# [PROBLEM REQUIREMENTS]
Below this line are records; transcribe exactly the lines between the one holding "Jornal 91 - 25/04/2024 смотреть онлайн" and the one holding "Mens t-shirt - Harbor Edge", inclusive, and omit the pictures.

# [DATA EXTRACT]
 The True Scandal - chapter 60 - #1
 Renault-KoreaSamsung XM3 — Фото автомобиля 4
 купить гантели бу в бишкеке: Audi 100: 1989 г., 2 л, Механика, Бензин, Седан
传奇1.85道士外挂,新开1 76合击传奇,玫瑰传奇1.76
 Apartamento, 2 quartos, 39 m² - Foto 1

...

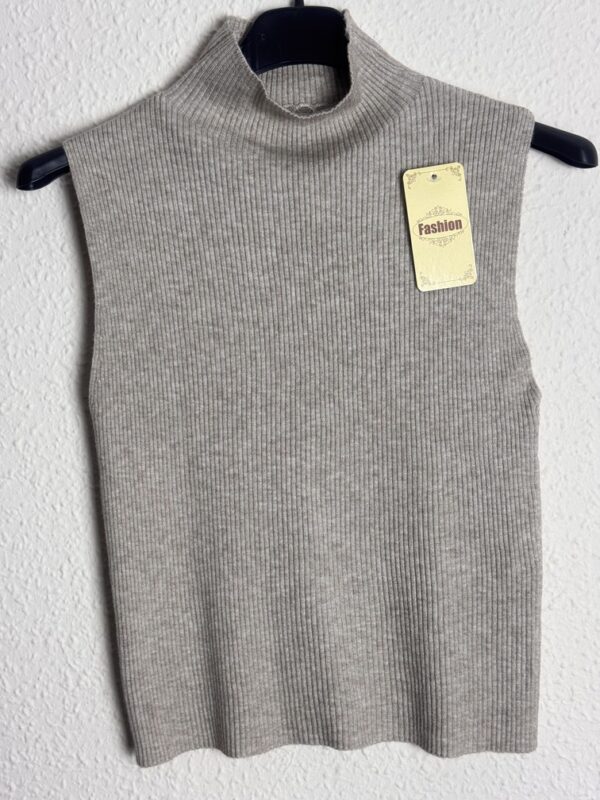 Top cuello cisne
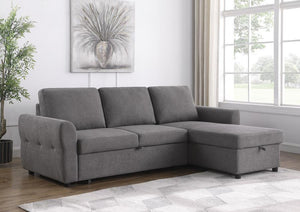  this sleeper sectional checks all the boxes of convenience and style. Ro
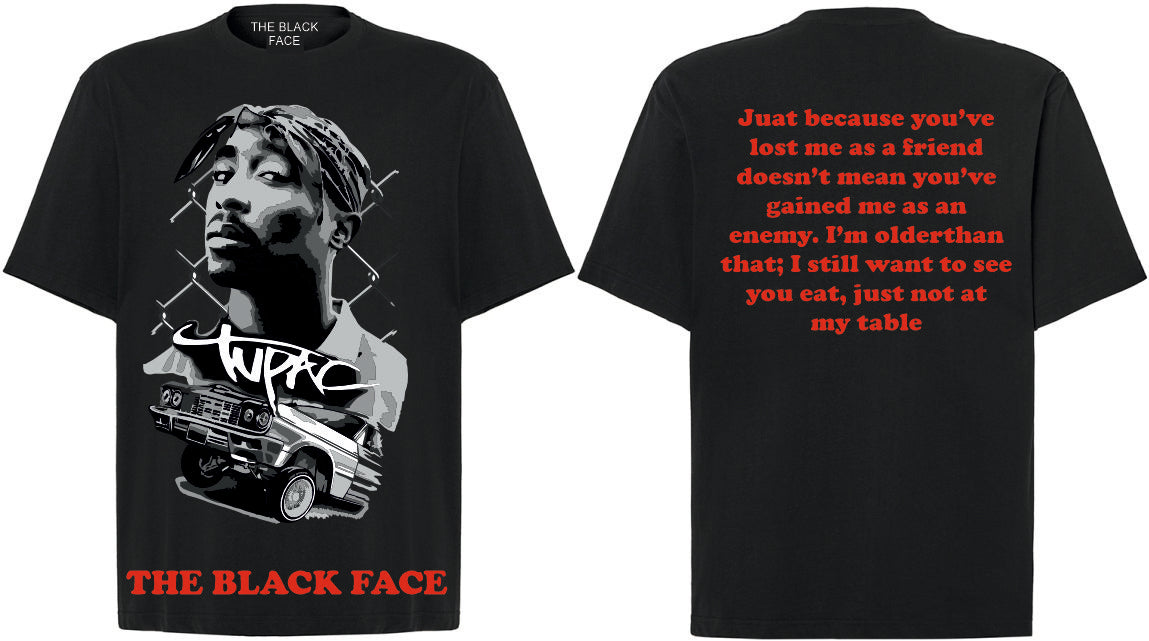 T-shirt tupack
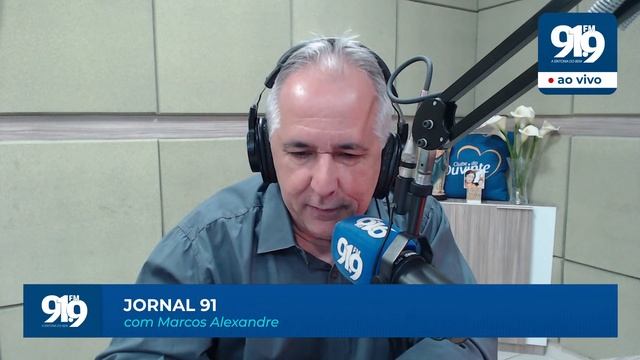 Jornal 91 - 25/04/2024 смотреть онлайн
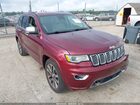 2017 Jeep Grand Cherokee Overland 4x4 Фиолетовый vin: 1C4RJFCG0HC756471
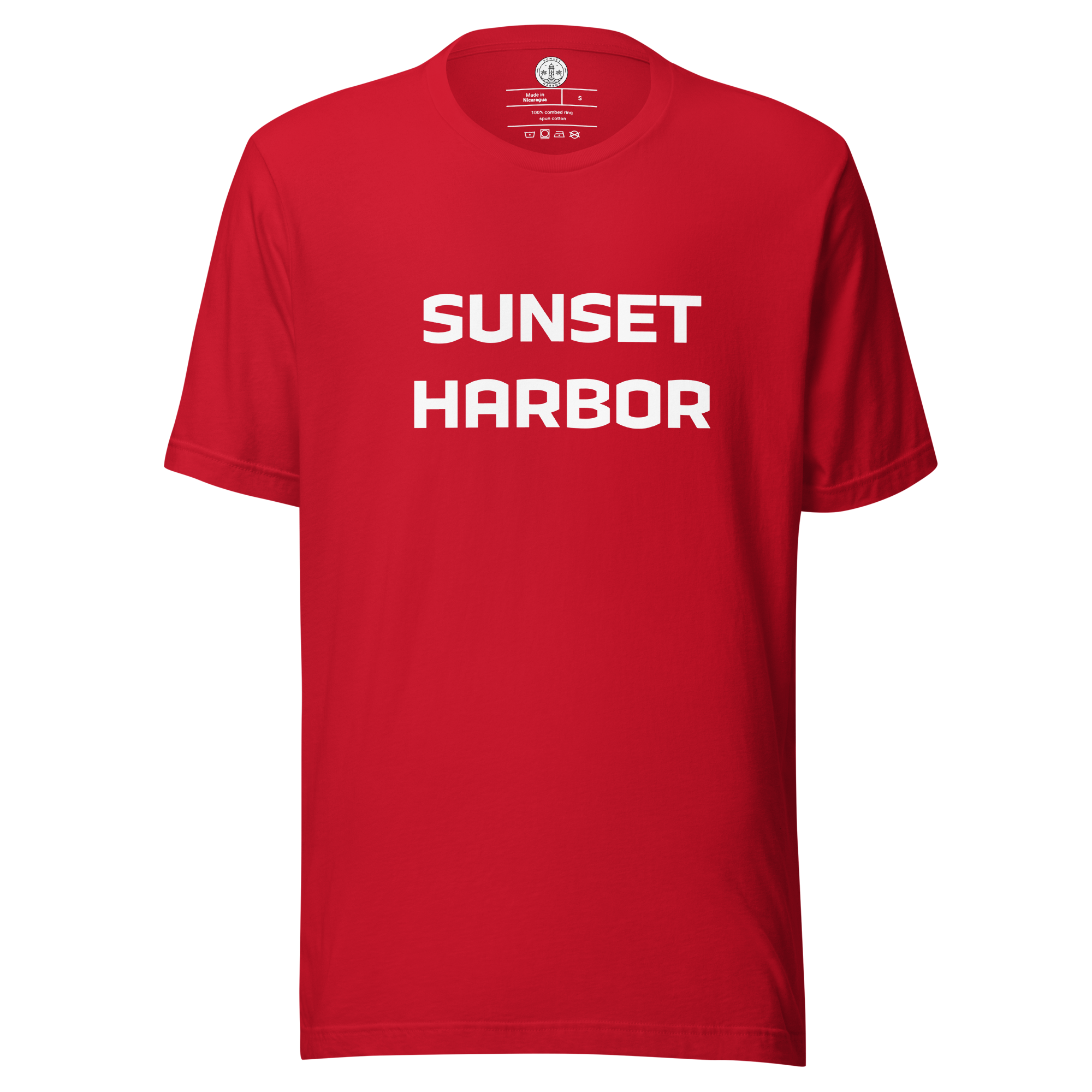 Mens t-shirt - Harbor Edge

# [ANSWER TO THIS TASK]
 Jornal 91 - 25/04/2024 смотреть онлайн
 2017 Jeep Grand Cherokee Overland 4x4 Фиолетовый vin: 1C4RJFCG0HC756471
 Mens t-shirt - Harbor Edge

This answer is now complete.